It’s a sad fact of life: Some developers struggle when they get promoted into a management position. Despite their best intentions, these management newbies stick with what they know and end up engaging in behaviors that drive their team nuts (and hinder the development process).
Here’s a look at the most common mistakes made by developers-turned-managers who can’t fully let go of their developer habits, as well as some things they can do to take charge and “manage up.”
The Hero Syndrome
Rather than giving teams the opportunity to figure out solutions to problems and learn from failures, insecure managers with a hero syndrome insist on stepping in and solving every problem that comes along.
It’s almost as if they want to satisfy their own ego, or are jealous of others’ successes, observed Thiago Duarte, development team lead for Toggle. They thrive on being the only one who can solve a particular problem.
Instead of being frustrated, summon the courage to discuss the issue with your boss. Just make sure to provide constructive feedback—not criticism. “Address the situation objectively,” Duarte advised. “Provide examples; then, walk your manager through the consequences of his behavior and explain how it makes you feel.”
After all, the top priority of any manager is to grow their people. When they solve all of their team’s problems for them, the rising stars will become disillusioned and demoralized—and leave.
Not Giving Developers Clear Direction
Managers who move up from technical lead often struggle to provide clear direction, explained John Sonmez, founder and CEO of Simple Programmer and author of “The Complete Software Developer’s Career Guide.”
They are used to leading by example and not having authority, so when they become managers, they don’t understand that they are responsible for defining tasks, setting deadlines, and, when necessary, laying down the law.
Getting decisions and direction in writing can help to avoid confusion, Sonmez advised.
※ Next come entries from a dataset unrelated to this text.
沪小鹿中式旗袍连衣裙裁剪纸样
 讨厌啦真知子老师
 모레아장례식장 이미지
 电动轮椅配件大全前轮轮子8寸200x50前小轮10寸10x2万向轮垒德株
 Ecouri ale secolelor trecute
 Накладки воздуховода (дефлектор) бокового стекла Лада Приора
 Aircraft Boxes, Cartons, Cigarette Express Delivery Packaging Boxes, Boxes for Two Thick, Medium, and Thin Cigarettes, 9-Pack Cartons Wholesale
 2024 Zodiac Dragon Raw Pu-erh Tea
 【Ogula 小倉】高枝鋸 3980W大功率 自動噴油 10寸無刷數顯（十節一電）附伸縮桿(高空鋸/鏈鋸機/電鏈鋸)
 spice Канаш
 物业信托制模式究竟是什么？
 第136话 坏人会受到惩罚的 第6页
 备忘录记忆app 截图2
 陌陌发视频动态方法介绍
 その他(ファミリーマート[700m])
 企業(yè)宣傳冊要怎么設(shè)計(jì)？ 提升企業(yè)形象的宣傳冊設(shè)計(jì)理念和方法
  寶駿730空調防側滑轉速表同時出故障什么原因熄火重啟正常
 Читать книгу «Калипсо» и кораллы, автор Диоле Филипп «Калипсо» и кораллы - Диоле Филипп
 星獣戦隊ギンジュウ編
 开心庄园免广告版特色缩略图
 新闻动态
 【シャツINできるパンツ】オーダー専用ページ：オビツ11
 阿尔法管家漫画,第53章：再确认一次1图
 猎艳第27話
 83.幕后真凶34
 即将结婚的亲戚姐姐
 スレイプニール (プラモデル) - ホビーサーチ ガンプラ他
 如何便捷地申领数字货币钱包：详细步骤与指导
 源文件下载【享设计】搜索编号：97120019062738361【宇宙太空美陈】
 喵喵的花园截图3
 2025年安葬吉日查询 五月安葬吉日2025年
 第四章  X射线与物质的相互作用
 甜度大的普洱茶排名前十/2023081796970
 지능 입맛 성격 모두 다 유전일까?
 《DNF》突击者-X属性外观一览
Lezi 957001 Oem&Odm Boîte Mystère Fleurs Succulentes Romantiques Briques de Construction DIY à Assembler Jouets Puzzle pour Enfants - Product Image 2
When choices need to be made, consider emailing your boss a list of options, then ask her to decide and respond in writing. If you end up discussing the team’s priorities and direction, always confirm any verbal agreements in writing.
Many new bosses are too hands-on because they are afraid to delegate.
They are insecure and paranoid that things won’t get done, so they do things such as schedule status meetings several times a week, explained Neil Green, a principal architect and author of Neil on Software.
Obviously, you can’t tell your boss what to do. In light of that, your goal is to convince them to stop intervening and let you do your job. How? Green says the key to managing up a micromanaging boss can be summed up in one word: persuasion. You want to persuade them to stop the meeting madness (or whatever other action is driving everyone insane).
Get your manager to talk about why the meetings are necessary, then genuinely listen to their concerns and rationale. For instance, a new boss might be scrutinized by a senior manager, and that stress is “rolling downhill” to your boss’s team.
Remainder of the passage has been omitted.